David Keane Ferry (born 1940) is the Regents' Professor of Electrical Engineering at Arizona State University (ASU), notable for his research in semiconductor devices.

==Education==
He received his BSEE, 1962, and MSEE, 1963, both from Texas Technical College. Ferry obtained his PhD under Arwin A. Dougal, 1966, from the University of Texas at Austin with a thesis entitled Anomalous Microwave Emission from Bulk Semiconductors.

==Career==
Following a postdoctoral year in Vienna (1966–67) under Karl-Heinz Seeger, he spent time at Texas Tech University (1967–73), the Office of Naval Research (1973–77), Colorado State University (1977–83), and then joined
Arizona State University in 1983.

==Honors==
He has received a number of honours including the IEEE Cledo Brunetti Award, 1999; IEEE (Phoenix) Engineer of Year, 1990;
Fellow of the IEEE, 1987; Fellow of the American Physical Society, 1974; and Fellow of the Institute of Physics, 2008. His research involves the physics and simulation of semiconductor devices and quantum effects and transport in mesoscopic device structures.

==Books by Ferry==
- The Copenhagen Conspiracy (CRC, Taylor & Francis, 2019)
- The Wigner Function in Science and Technology (IOP Publishing, Bristol, 2018)
- An Introduction to Quantum Transport in Semiconductors (Pan Stanford, Singapore, 2018)
- Semiconductors: Bonds and bands (IOP Publishing, Bristol, 2013)
- Quantum Mechanics (Adam Hilger, Bristol, 1995), 2nd Edition (Inst.

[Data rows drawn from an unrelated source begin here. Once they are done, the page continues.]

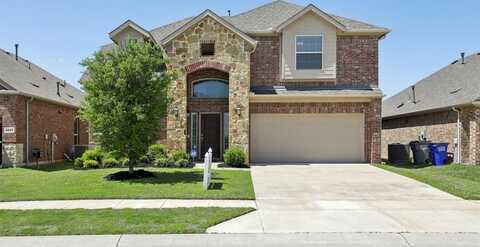 4520 Bayport Drive, Frisco, TX 75036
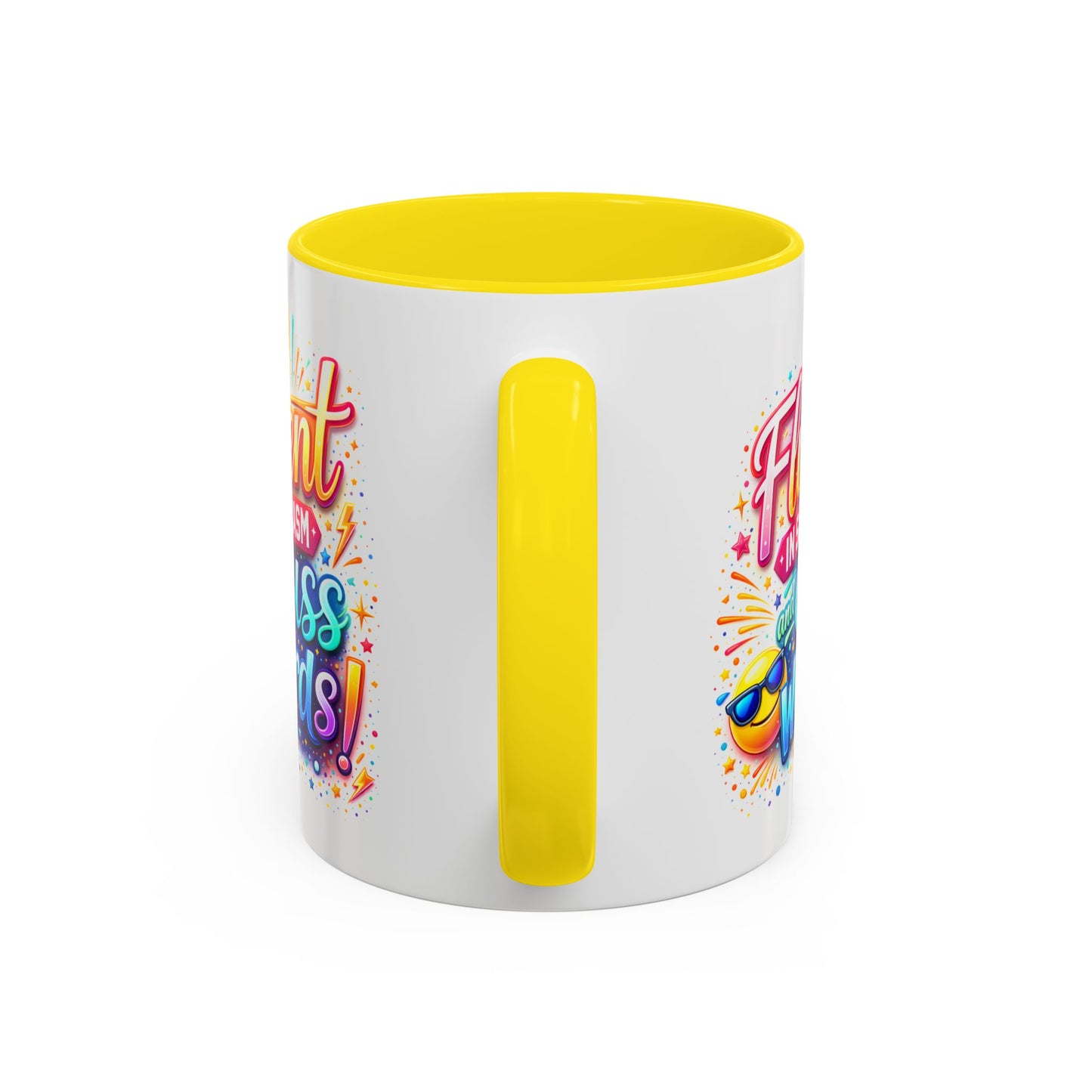 Humor Mug - Fluent in Sarcasm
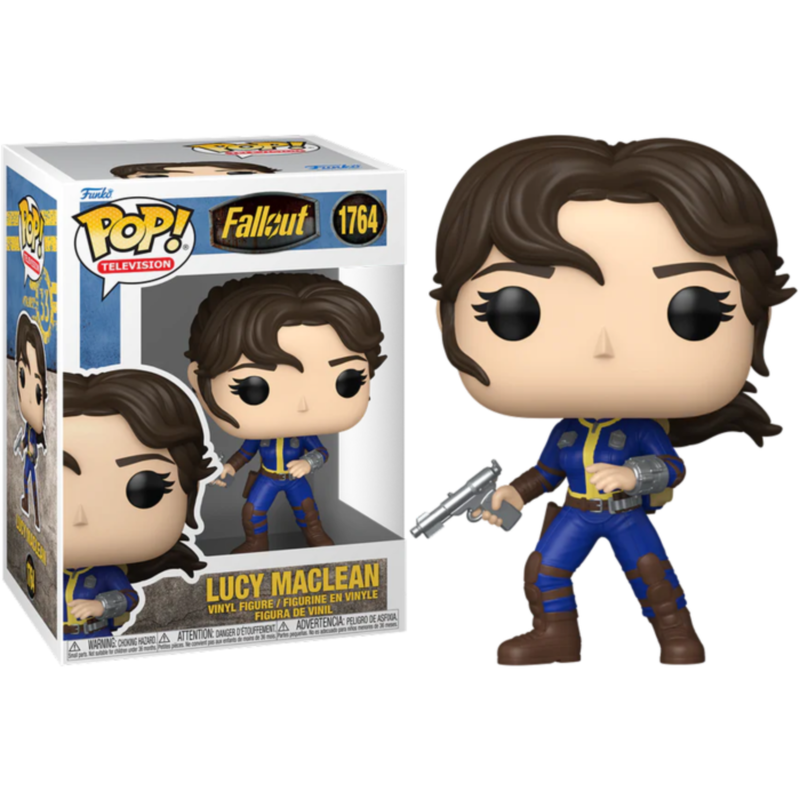 Fallout (2024) - Lucy Maclean Pop! Vinyl Figure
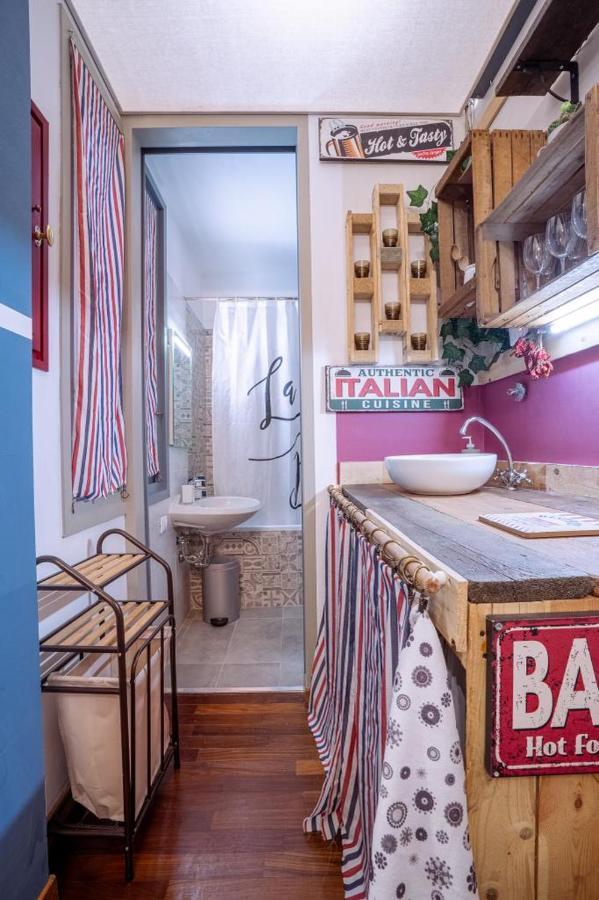 Maneki Artieri Bologna Appartement Buitenkant foto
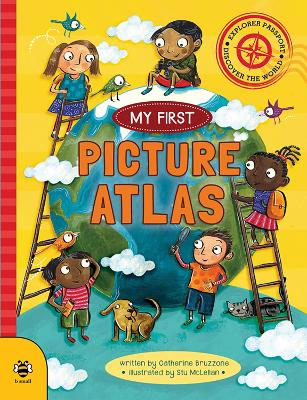 Book cover for Picture Atlas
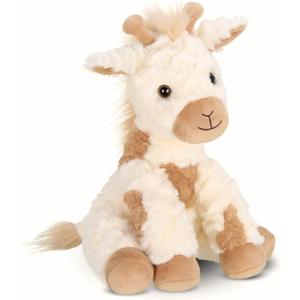 Bearington Collection Lofty 11-Inch Plush Giraffe Stuffed Animal - Stuffed Giraffe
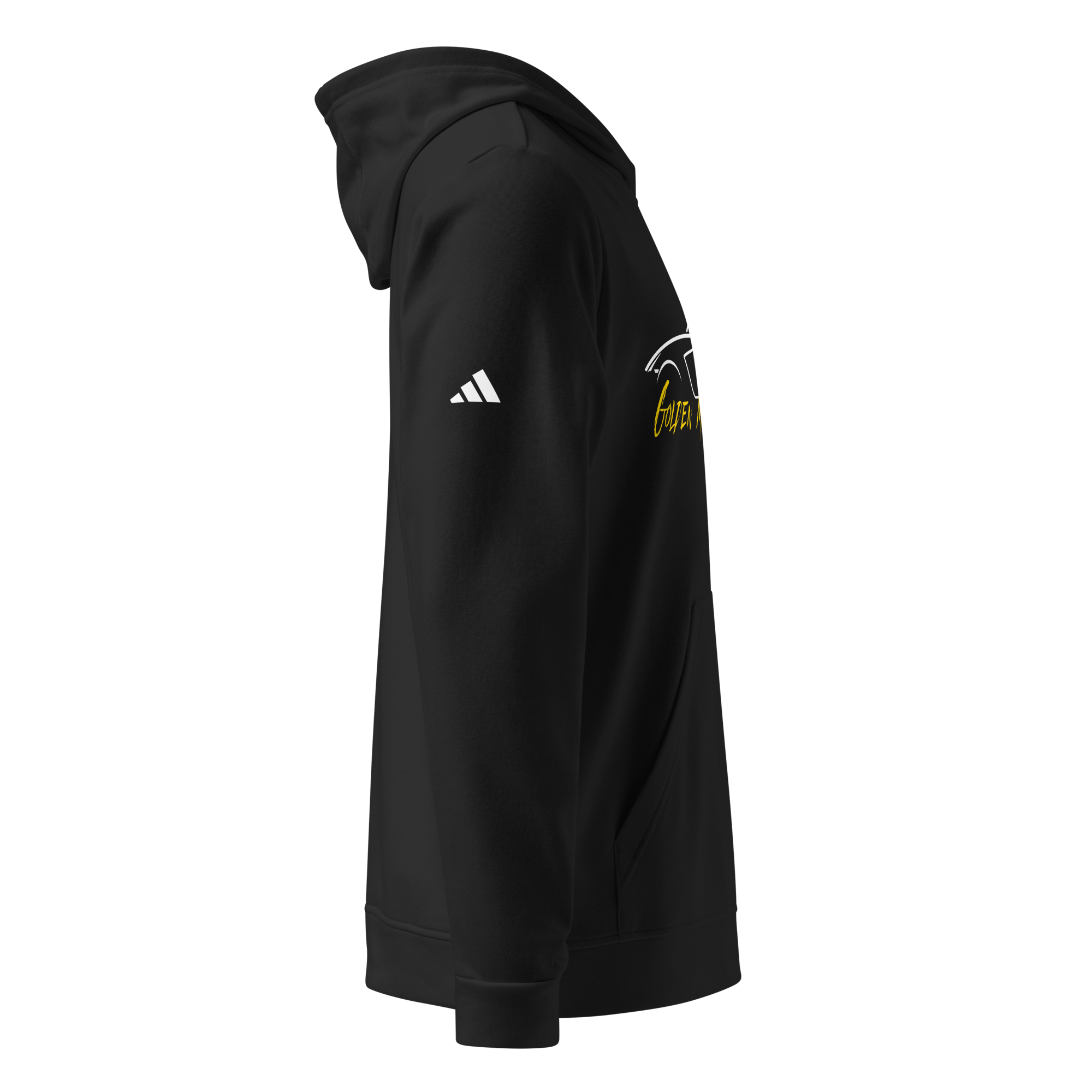 Golden Mobile Detailing Adidas Hoodie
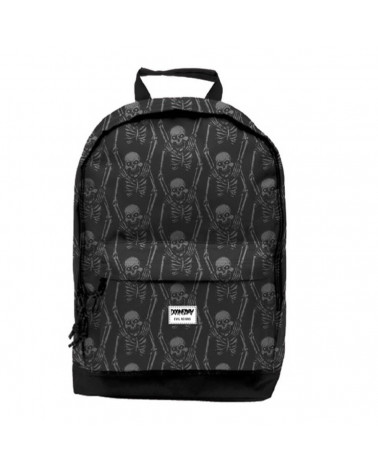 Doomsday - Zaino Chocke Backpack - Black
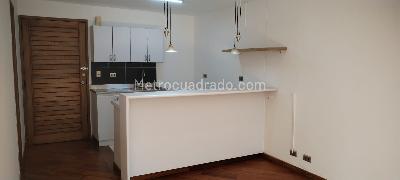 Apartaestudio en arriendo en Las Lomas No 2, Medellín, 44 m² · foto 2 de 12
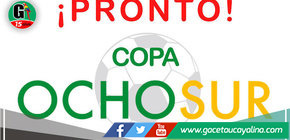 Pronto la Copa OCHO SUR en Ucayali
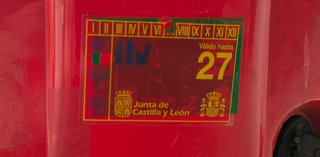 Moto Scooter Roja y Negra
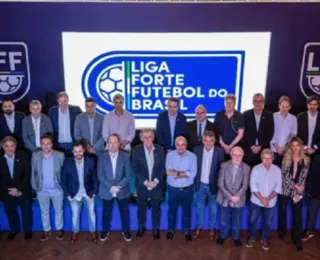Liga Forte Futebol fecha acordo de R$ 2,3 bilhões
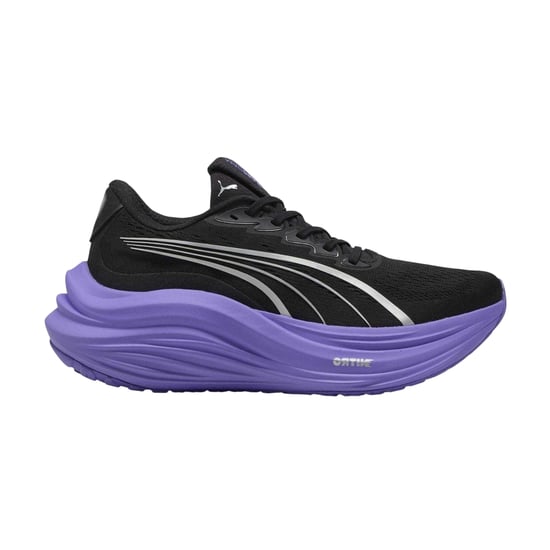 Puma - "Magmax Nitro" Sneaker für Damen (Schwarz) - Image 1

Physics Publ., London, 2000)
- Quantum Transport in Ultra-small Devices (Plenum, New York, 1995), Edited with Hal Grubin, Carlo Jacoboni, and Antti-Pekka Jauho
- Transport in Nanostructures (Cambridge University Press, Cambridge, 1997), with Steve Goodnick
- Semiconductor Transport (Taylor and Francis, London, 2001)
- Electronic Materials and Devices (Academic Press, San Diego, 2001), with Jon Bird.